There's so much talent out there "cakes" right its hard to pick.


----------



## botanique (Mar 23, 2005)

Whatever happened to Antoine Bouterin?

I believe in cooking fearlessly, so (and I know there is still debate about the Food Network) Mario is still tops as far as I am concerned.

Roy Yamaguchi. I would love to swap story with him.


----------



## cape chef (Jul 31, 2000)

Why Trotter?


----------



## botanique (Mar 23, 2005)

Charlie? He's good people. Makes a **** good pepper steak ;-)


----------



## cape chef (Jul 31, 2000)

With so much going on in Chicago, and with due respect for trotter, why not Tru, Avenues, Moto, or even Alenia. I think Moto may be the most intellectual cuisine in the US today.


----------



## chef_oz (Mar 7, 2006)

well, to me he's all about balance. 
He's a pioneer for well crafted food and marketing it to no end.
His books, restaurants, styles and cutting edge blending of foods and ingredients makes me :bounce:


----------



## cape chef (Jul 31, 2000)

What are your thought on Homaro Cantu?


----------



## botanique (Mar 23, 2005)

Moto....

I actually have not had the pleasure of visiting Chicago, therefore obviously have not personally visited any of its fine restaurants (shame on me). Perhaps I should arrange a flight for a few reviews???  

I would welcome the Moto experience. Chef Cantu, I understand, is well respected.
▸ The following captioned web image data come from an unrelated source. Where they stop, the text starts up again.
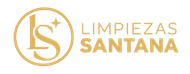 Logo de Limpiezas Santana en dorado sobre fondo blanco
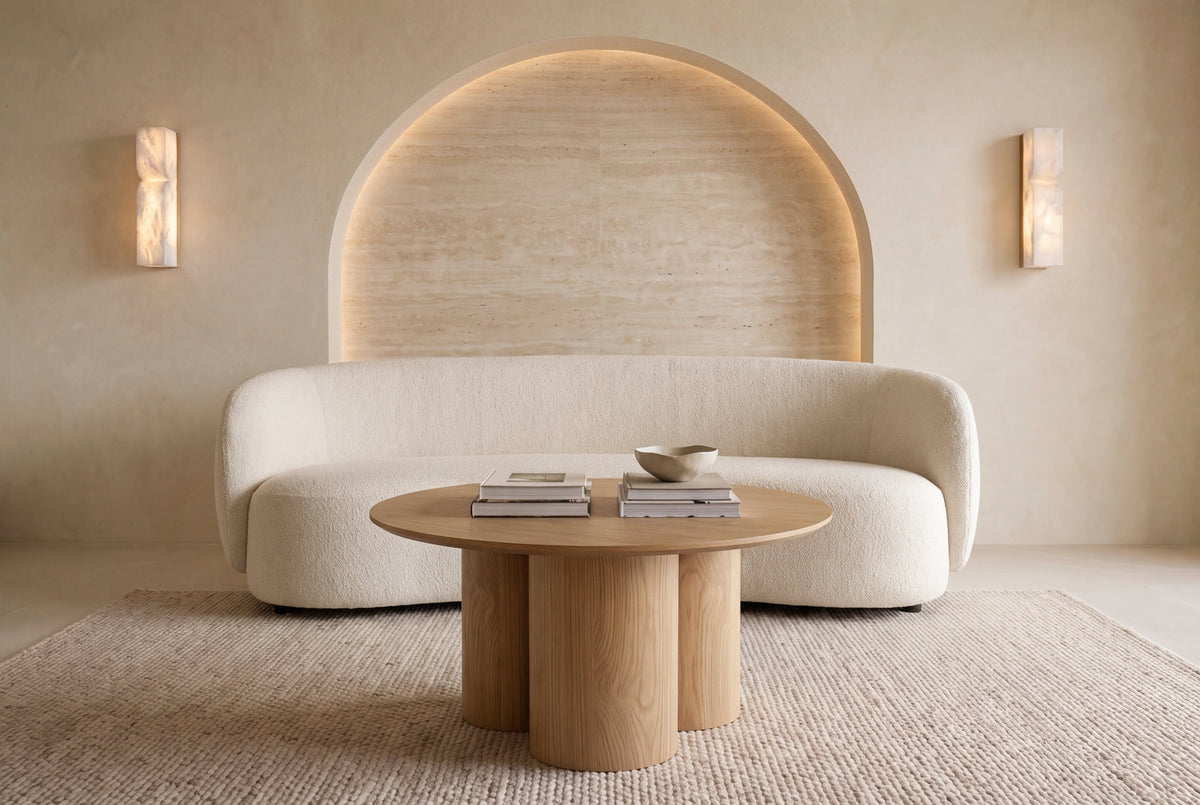 The Bosa Coffee Table in oak, round coffee table on a clustered column base, styled in a room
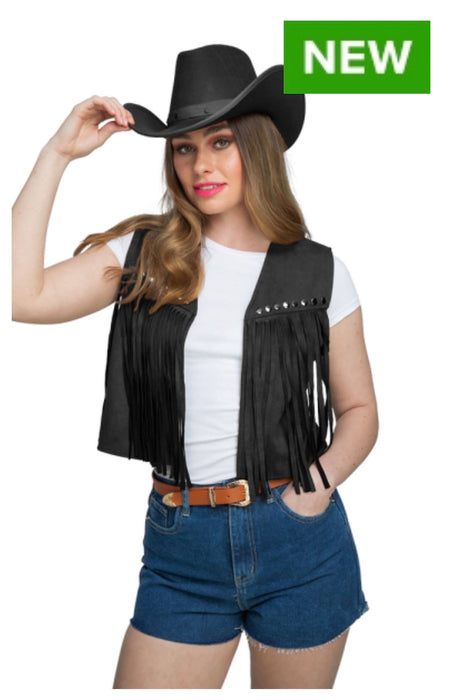 Cowboy Waistcoat - Faux Suede Black The Ultimate Balloon And Party Shop Cheltenham & Gloucester Balloons & Fancy Dress 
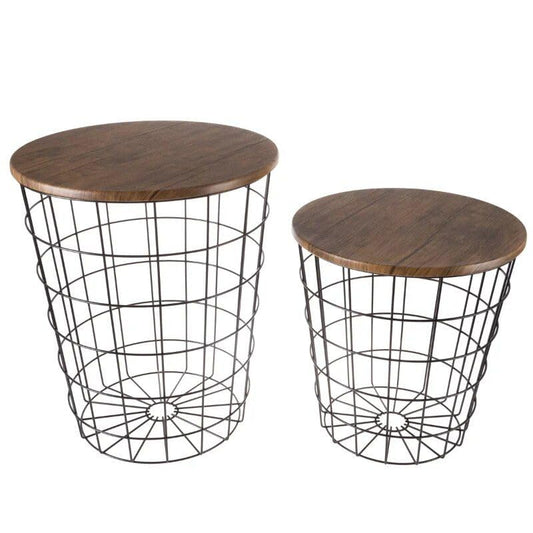Modern Nesting end Tables with Storage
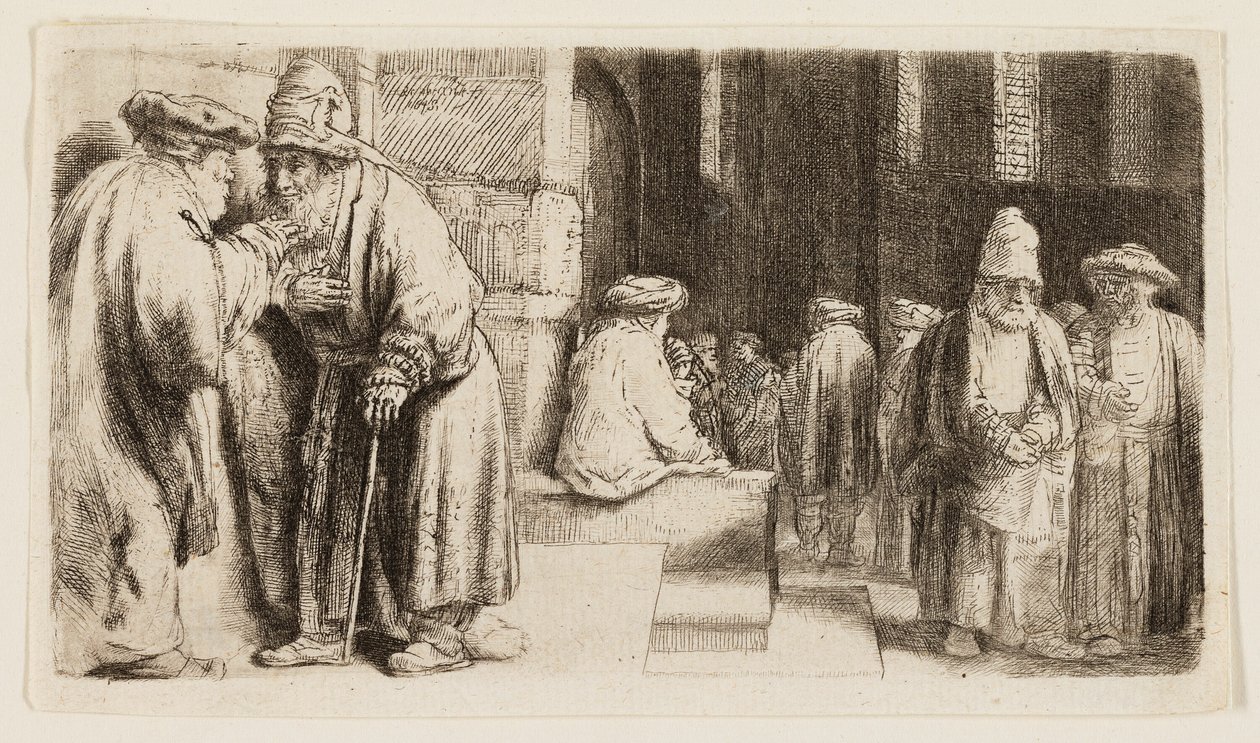 Żydzi w synagodze autorstwa Rembrandt van Rijn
I think my Supermoto buddies I'll be filming on the 20th would love the irony LOL


----------



## chef_oz (Mar 7, 2006)

a very modern chef. But thats pretty vauge. 
He's also a pioneer of matching food, cookware, plateing types, techniques and kills it on his world known 18 course meal. I don't know too much about him or moto but... I must say from the foodie news a read from Chicago, Moto is in its own class.
:ciao:


----------



## cakerookie (Sep 10, 2005)

chefoz
I agree chefoz its just a field full of so much awesome talent its hard to choose.Give a choice we would be like kids in a candy store.....


----------



## panini (Jul 28, 2001)

I try to keep up with the newest openings and themes. I really feel deprived here in Dallas. Food is represented well, but I think the shining stars view us as meat and potatoes. Roy's put up a place but, oh well? I'm contemplating doing a rest tour this summer. It's getting more difficult to keep up with things now a days. There seems to be so much menutia to deal with before you get some info. Am I just immagining that, or losing patience? The internet seems to be filling up with "stuff".
CR you're so off. There are two different worlds within one ,in this bus.
Some take the challenging role ie competition, large houses. and some of us scale down. For pastries, I really like the style of Michele Willaume, of course I'd love just to stand next to Jean Phillipe.
For food, Moto, awesome. It's one of those styles that you can read deep things into, even if it was not meant to be. Make sence.
I stepped foot in to this mans house way back , and I can't help but wonder what he would be doing with food now, if he hadn't passed on. A giving genius.Chef Radits.


----------



## cakerookie (Sep 10, 2005)

Come on Pan. What yadda mean off? Off as in no brain, or off has in my choices? Guess I am just not up with the times don't get much news about famous chefs where I am....


----------



## panini (Jul 28, 2001)

I mean off ,by putting my name in the same post as those chef's. If I hadn't wasted all that time on the hot side:lol: I might have given it a run. 
You do realize by now that I speak to everyone on an even plane, eye to eye? If I thought you were off, as in no brain, you wouldn't need a ? There would be no misunderstanding :chef: That's why I like you


----------



## mikeb (Jun 29, 2004)

Not technically a 'chef' (depending on definitions anyway), but I'll chime in here. The chefs who inspire me most are without a doubt Alain Ducasse and Pierre Gagnaire. Hervé This is also of great inspiration (although not a chef). Gagnaire and This are doing some really neat things applying science to grand cuisine, reading their books has actually changed the way I think about cooking and my entire approach when making dishes. 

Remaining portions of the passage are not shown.